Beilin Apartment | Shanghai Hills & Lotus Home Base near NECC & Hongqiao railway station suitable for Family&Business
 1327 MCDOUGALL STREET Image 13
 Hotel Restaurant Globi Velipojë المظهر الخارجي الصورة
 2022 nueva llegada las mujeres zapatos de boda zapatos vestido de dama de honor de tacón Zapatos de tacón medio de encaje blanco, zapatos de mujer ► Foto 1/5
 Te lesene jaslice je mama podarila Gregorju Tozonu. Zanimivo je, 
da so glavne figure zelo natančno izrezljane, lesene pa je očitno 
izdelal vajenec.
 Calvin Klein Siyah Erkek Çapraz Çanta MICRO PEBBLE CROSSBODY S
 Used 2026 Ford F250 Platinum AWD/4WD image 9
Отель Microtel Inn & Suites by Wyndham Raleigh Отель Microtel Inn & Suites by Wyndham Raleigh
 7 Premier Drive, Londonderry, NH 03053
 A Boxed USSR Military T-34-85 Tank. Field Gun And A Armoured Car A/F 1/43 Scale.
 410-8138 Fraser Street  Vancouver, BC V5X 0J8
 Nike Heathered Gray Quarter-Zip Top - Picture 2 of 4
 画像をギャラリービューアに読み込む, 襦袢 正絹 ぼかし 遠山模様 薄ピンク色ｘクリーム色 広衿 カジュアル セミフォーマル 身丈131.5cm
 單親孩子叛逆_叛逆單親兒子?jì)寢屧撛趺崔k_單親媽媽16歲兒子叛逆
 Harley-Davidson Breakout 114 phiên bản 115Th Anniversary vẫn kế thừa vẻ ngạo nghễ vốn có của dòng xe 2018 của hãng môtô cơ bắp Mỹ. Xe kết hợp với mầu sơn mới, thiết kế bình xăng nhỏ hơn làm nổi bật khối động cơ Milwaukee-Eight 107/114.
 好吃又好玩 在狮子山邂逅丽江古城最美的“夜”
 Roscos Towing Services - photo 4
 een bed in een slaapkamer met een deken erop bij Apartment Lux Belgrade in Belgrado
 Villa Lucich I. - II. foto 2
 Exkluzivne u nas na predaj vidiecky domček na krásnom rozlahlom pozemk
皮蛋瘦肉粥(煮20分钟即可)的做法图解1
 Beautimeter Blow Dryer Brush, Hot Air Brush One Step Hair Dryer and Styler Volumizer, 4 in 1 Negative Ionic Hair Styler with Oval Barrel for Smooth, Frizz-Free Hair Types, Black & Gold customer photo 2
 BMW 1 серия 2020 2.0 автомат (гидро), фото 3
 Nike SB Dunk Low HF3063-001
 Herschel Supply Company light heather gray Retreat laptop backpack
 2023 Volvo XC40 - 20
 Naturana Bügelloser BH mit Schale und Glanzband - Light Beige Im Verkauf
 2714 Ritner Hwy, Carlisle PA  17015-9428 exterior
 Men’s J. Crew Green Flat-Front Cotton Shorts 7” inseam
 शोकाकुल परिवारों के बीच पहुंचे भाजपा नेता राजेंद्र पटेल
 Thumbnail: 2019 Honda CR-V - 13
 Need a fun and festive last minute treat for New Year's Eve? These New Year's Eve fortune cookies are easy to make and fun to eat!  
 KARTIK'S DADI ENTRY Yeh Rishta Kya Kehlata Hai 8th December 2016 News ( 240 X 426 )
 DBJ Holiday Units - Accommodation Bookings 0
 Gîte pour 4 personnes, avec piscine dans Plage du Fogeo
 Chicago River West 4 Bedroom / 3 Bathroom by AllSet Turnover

• [Aim of the task]: Go through the lines of the material, counting those with the word "lesene"; afterward give only the total.

• [Task response]: 2